Editorial del programa Razón de Estado número 351
 


A lo largo de la historia –esa vieja relatora de lecciones que nadie quiere escuchar– se confirma que todo imperio que se creyó eterno acabó, tarde o temprano, enterrado bajo su propio peso.

No cayeron por enemigos invencibles ni por eventos cósmicos. Cayeron por lo mismo que cae una casa mal cuidada: exceso de confianza, arrogancia, corrupción. Por olvidar que el poder no es propiedad sino préstamo.

Los ejemplos abundan, y la historia, generosa, los ofrece en bandeja de plata… o de mármol derrumbado.

Ahí está el Imperio Romano, ejemplo cumbre del esplendor que se arruina. No fue una invasión bárbara la que lo hizo caer, sino siglos de decadencia interna, emperadores que cambiaban como estaciones, una ciudadanía anestesiada con pan y circo, y un Estado que gastaba más en estatuas de sí mismo que en resolver sus males. Murió más por exceso de ego que por falta de espada.

Más tarde, el Imperio español, que conoció glorias y conquistas que aún retumban en las piedras de los siglos, también sembró su caída con desgobierno, deuda perpetua, guerras que no podía sostener, y una soberbia que confundió fe con destino.

Luego vino el Imperio británico, desangrado por dos guerras mundiales y el precio de gobernar más por intereses que con justicia. Su caída fue silenciosa, como una lenta rendición.

Le siguió el Imperio soviético, monumento al control total, que cayó por el agotamiento moral y económico de un sistema que prometía igualdad mientras repartía miseria.
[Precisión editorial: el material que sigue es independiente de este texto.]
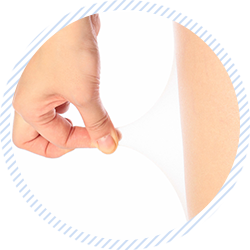 満足 《涼感さらっと》 コンジュゲート パンティストッキング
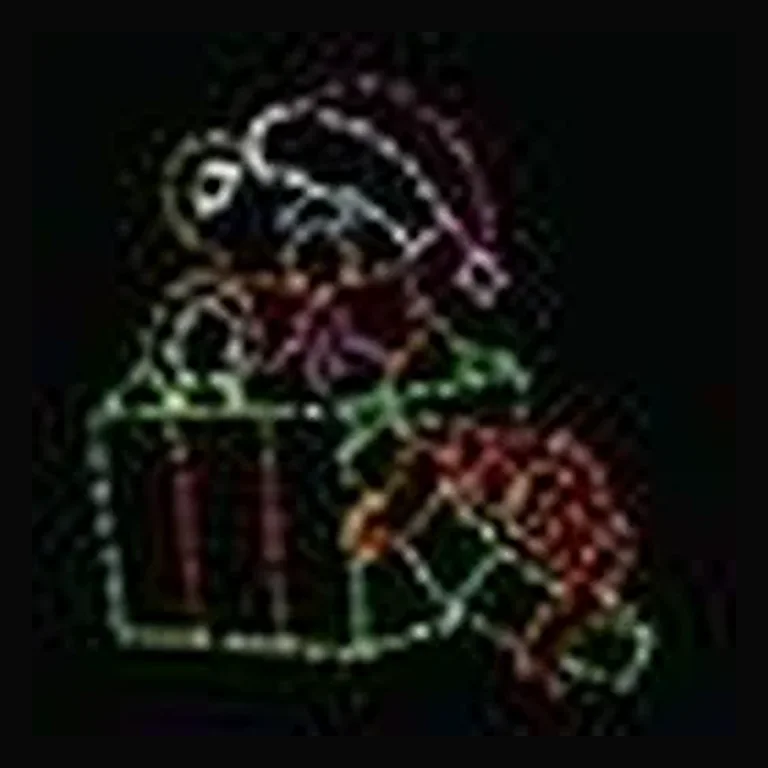 Teddy Bear Toy in Gift Box LED Display (48")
Su arrogancia ideológica, su burocracia ciega y su represión sistemática cavaron su tumba. Cuando la verdad se hizo pública, el muro no resistió.

¿Y qué decir del presente?

Vivimos en un mundo donde algunos, con traje moderno y sonrisa de algoritmo, aún creen que pueden imponer reglas, extender su influencia sin resistencia y dominar el tablero sin consecuencias. Pero la historia no es tonta. La soberbia imperial – de antes y de ahora – lleva en sí misma el germen de su propia destrucción.

Todo imperio militar, económico, ideológico o tecnológico que no escucha, que no corrige, que no duda, que no es capaz de renovarse desde dentro está condenado.

La historia no perdona a los arrogantes, los retrata con claridad y los entierra con precisión. No es pesimismo, es realismo con siglos de respaldo.

Cuando los poderosos se creen infalibles, cuando confunden fuerza con derecho, cuando dejan de hacerse preguntas, el principio del fin ya ha comenzado. Y aunque la caída no siempre es rápida, es siempre inevitable. Y cuando llegue – porque llegará – la historia hará lo que siempre ha hecho: pasará la página, sacudirá el polvo y volverá a empezar. Con otros nombres, otras banderas… y, ojalá, con menos soberbia.